Bioenergetics 3: Glycolysis Flashcards
How can the pathway of process of glycolysis be regulated
Only certain bonds are oxidised.
Phosphofructokinase (PFK) catalysing step 3 is most important regulator
Inhibited by High ATP, citrate and acidification (signals of plentiful energy source don’t need to break down glucose)
Activated by AMP, ADP and fructose-2,6-biphosphate.
What are the three main reaction types involved in glycolysis
- Rearrangement/preparation involving making isomers
- Condensation / splitting
- Oxidation reduction
What bonds in glucose oxidised
C-C bonds aren’t oxidised directly so they need to be rearranged to C-H or C-OH for oxidation
What enzymes do redox reactions use
Dehydrogenases (they remove H+ + e
How is cellular respiration different to combustion
Instead of explosive release of energy all at once, metabolism releases energy through steps that are controlled and used to synthesis ATP which captures energy.
How is glucose trapped in cells (glucose can leave too)
After going through cells facilitated transport GLUT, Hexokinase or Glucokinase adds a phosphate which is negatively charged. This means it can’t go through the glucose transporters again
What is the difference between Hexokinase and Glucokinase
Hexokinase in all tissues, Glucokinase in liver, kidneys, pancreatic b cells. Hexokinase works at low concentrations for anything that comes through (low Km=high affinity )
Glucokinase responds to high glucose and is super fast to clear it out of your blood (high Km= low affinity)
What does phosphoglucoisomerase do (what reaction) (2)
It rearranges glucose-6-phosphate into fructose-6-phosphate
isomerism reaction
What does phosphofructokinase do (what reaction). Is this commitment step (3)
it adds a phosphate to fructose-6-phosphate to fructose-1,6-biphosphate. this requires investment of ATP to provide the phosphate so yes commitment.
What does Aldolase do (4), (5)
It splits fructose-1,6-biphosphate into 2 products which are not symmetrical so the dihydroxyacetone phosphate is converted into the one we want glyceraldehyde-3-phosphate one by another enzyme 5. Triose phosphate isomerase
What is step 6 doing (glyceraldehyde-3-phosphate dehydrogenase)
Its adding a phosphate from cytosol to the two now symmetric products from the last reaction. This kicks out an H from both of them which makes 2 NADH
What is step 7 doing (phosphoglycerokinase)
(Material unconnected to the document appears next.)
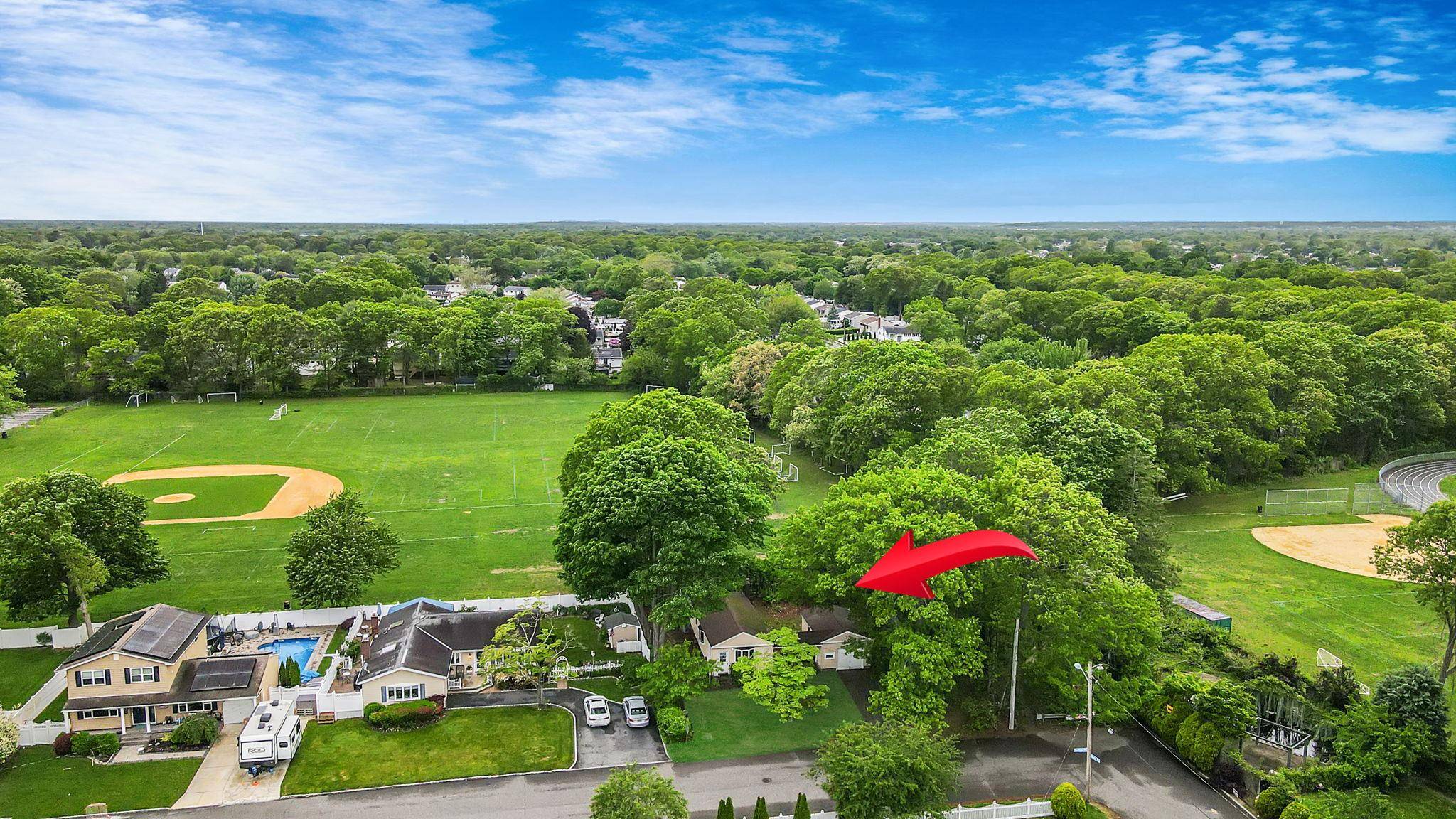 West Islip, NY 11795,96 Toomey RD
This is the only reversible kinase. It takes 1 Pi from each of the 2 1,3-biphosphoglycerate to make 2 ATP
What does phosphoglyceromutase (step 8) and Enolase (step 9) do
- It shuffles the phosphate around to make it less stable.
9. Removes a water makes it even more stable
what does step 10 do pyruvate kinase
It removes the last phosphate to make the 2 ATP and PYRUVATE -
What enzymes making ATP from making substrate level phosphorylation
the enzymes phosphoglycerate kinase and Pyruvate kinase catalyse the addition of Pi from the sugar directly to ADP
What is the most important regulator of glucose
PFK is inhibited by high ATP, Citrate from CAC, and acidification (pyruvate is acidic)
PFK is activated by AMP
What is the advantage of glycolysis going through an aerobic pathway vs an anaerobic pathway
Much more ATP produced through aerobic but Anaerobic is less efficient (less ATP) but much faster.
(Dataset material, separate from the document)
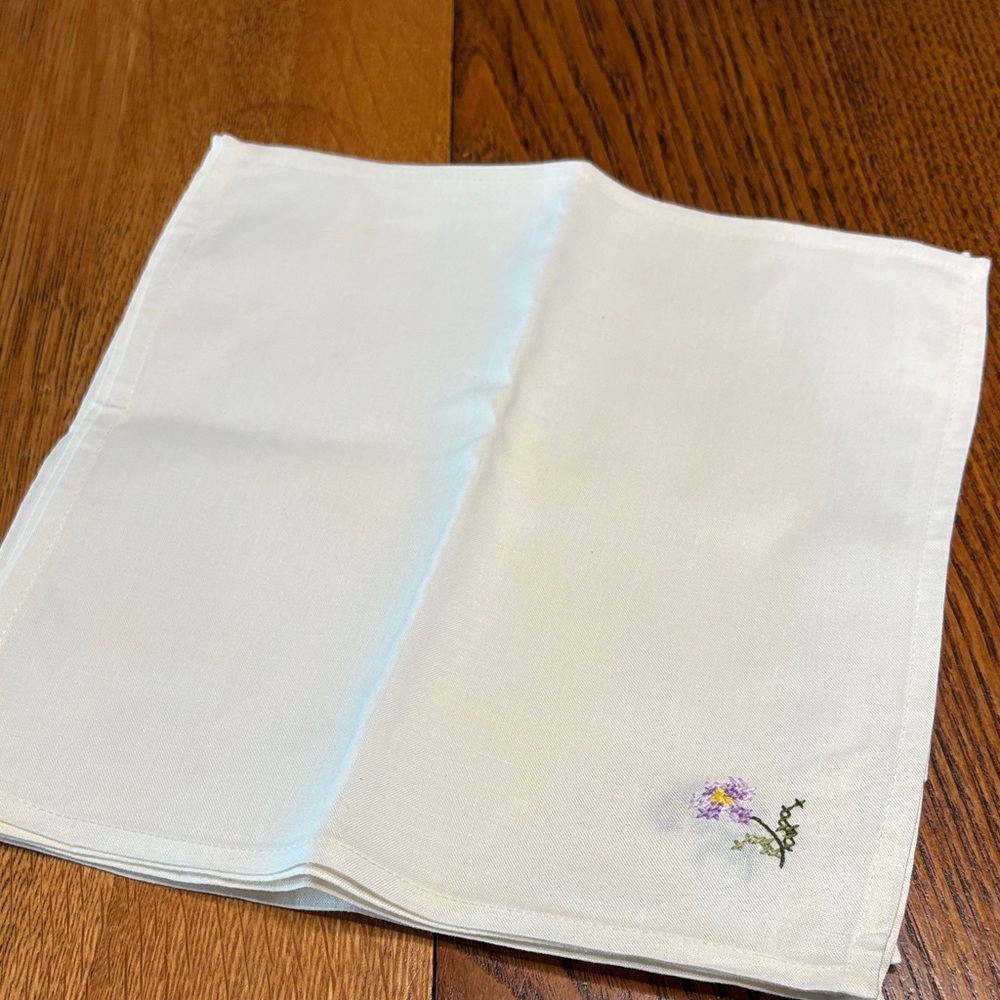 Embroidered White Napkins with Floral Design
what are the limiting factors of glycolysis (anaerobic)
If it is overused it uses a lot of NAD+ ->NADH and there is no pathway to oxidise it back so the redox state of the cell changes.
Also Pyruvate is acidic in cells
What is the energy investment and payoff in glycolysis
2ATP are invested at steps 1 and 3 and 4ATP are made by substrate level phosphorylation at steps 7 and 10. It also produces 2 NADH at step 6 and 2 pyruvate.
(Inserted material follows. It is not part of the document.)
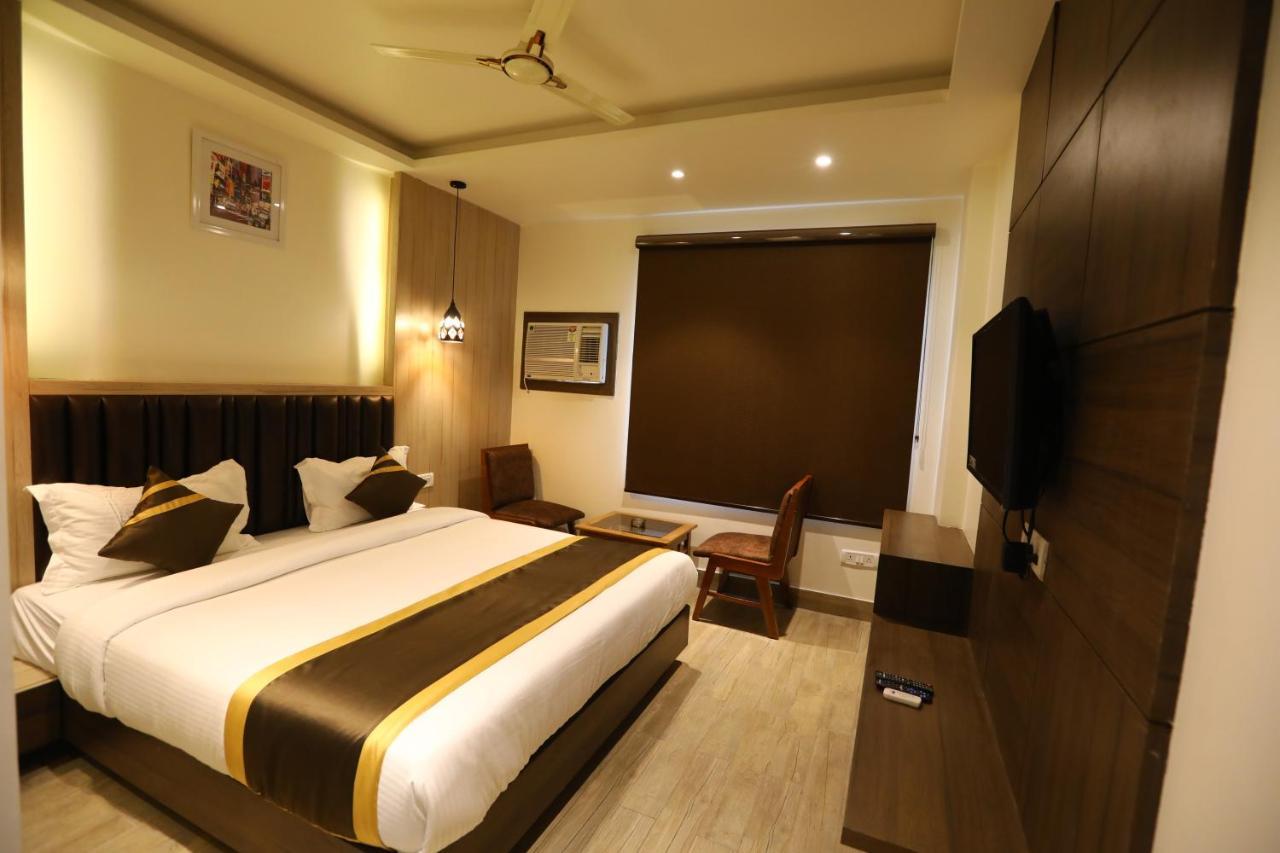 Hotel D Silverleaf 러크나우 외부 사진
How does glycolysis happen in anaerobic conditions (strenuous exercise where ATP demands can exceed the capacity of mitochondria to re oxidise NADH)
Pyruvate produced by glycolysis in muscle is reduced to lactate using the H from NADH by lactate dehydrogenase in the cytosol. This regenerates the 2NAD+ required for glycolysis.
Lactate is then transported to the liver where it can be converted back to glucose by gluconeogenesis.